In our congregation we are approximately 90% white with a half-Japanese woman (and her 1/4 Japanese children) and a Korean lady (don't think she's from Korea). We minister to who is here - the demographic. I suppose we could go to some places where there are other ethnicities and bus them here, so that we don't look bad. 

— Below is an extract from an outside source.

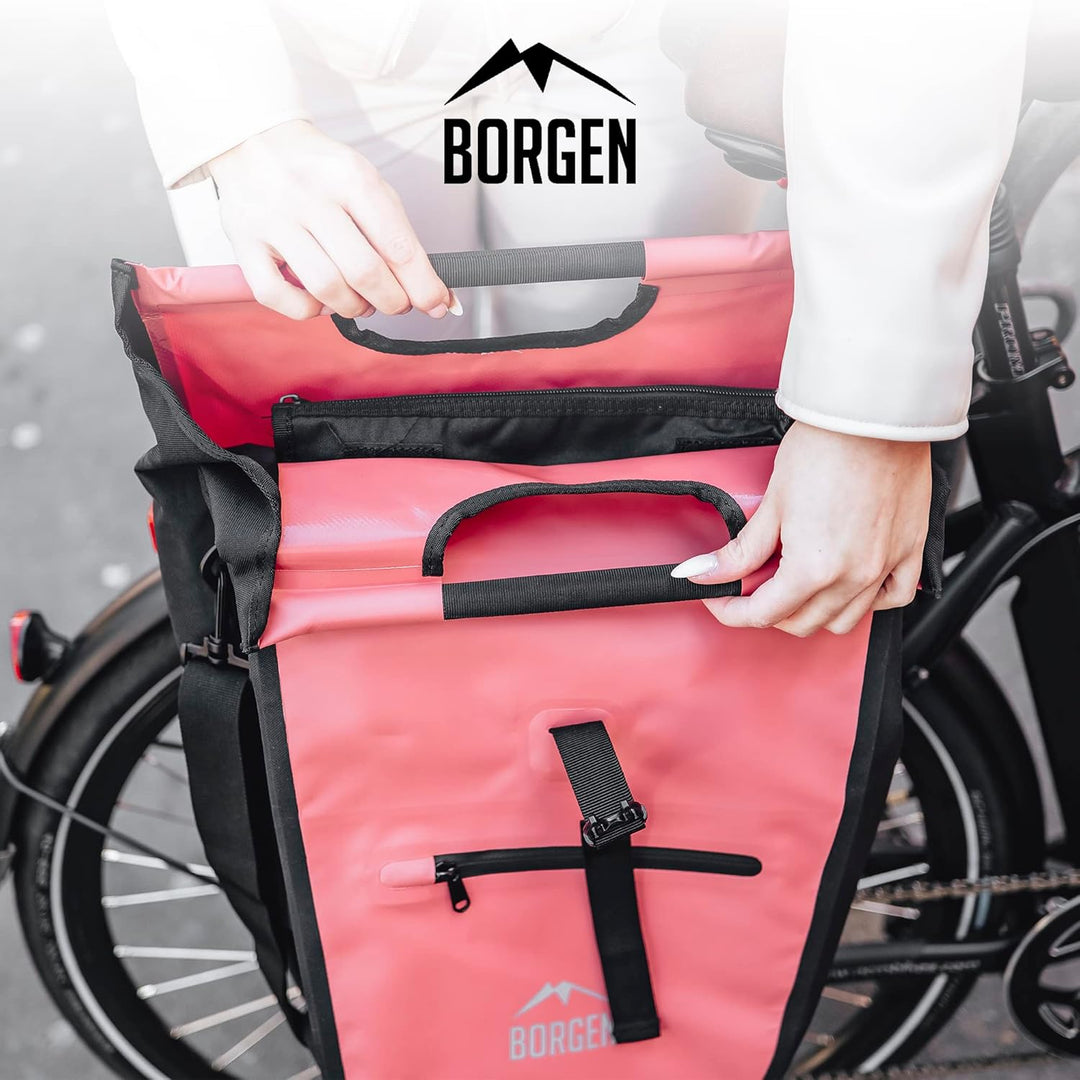 Borgen Fahrrad Einkaufstasche für Gepäckträger mit herausnehmbaren Kühleinsatz - Verwendbar als Gepä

Oh, I forgot the Tex-Mex guy.


----------



## Rufus (Jul 4, 2011)

Curt said:


> In our congregation we are approximately 90% white with a half-Japanese woman (and her 1/4 Japanese children) and a Korean lady (don't think she's from Korea). We minister to who is here - the demographic. I suppose we could go to some places where there are other ethnicities and bus them here, so that we don't look bad.
> 
> Oh, I forgot the Tex-Mex guy.



Well, if Maine is anything like New Hampshire, pretty much everybody is White.


----------



## Curt (Jul 4, 2011)

Rufus said:


> Curt said:
> 
> 
> > In our congregation we are approximately 90% white with a half-Japanese woman (and her 1/4 Japanese children) and a Korean lady (don't think she's from Korea). We minister to who is here - the demographic. I suppose we could go to some places where there are other ethnicities and bus them here, so that we don't look bad.
> ...



That is correct, sir.


----------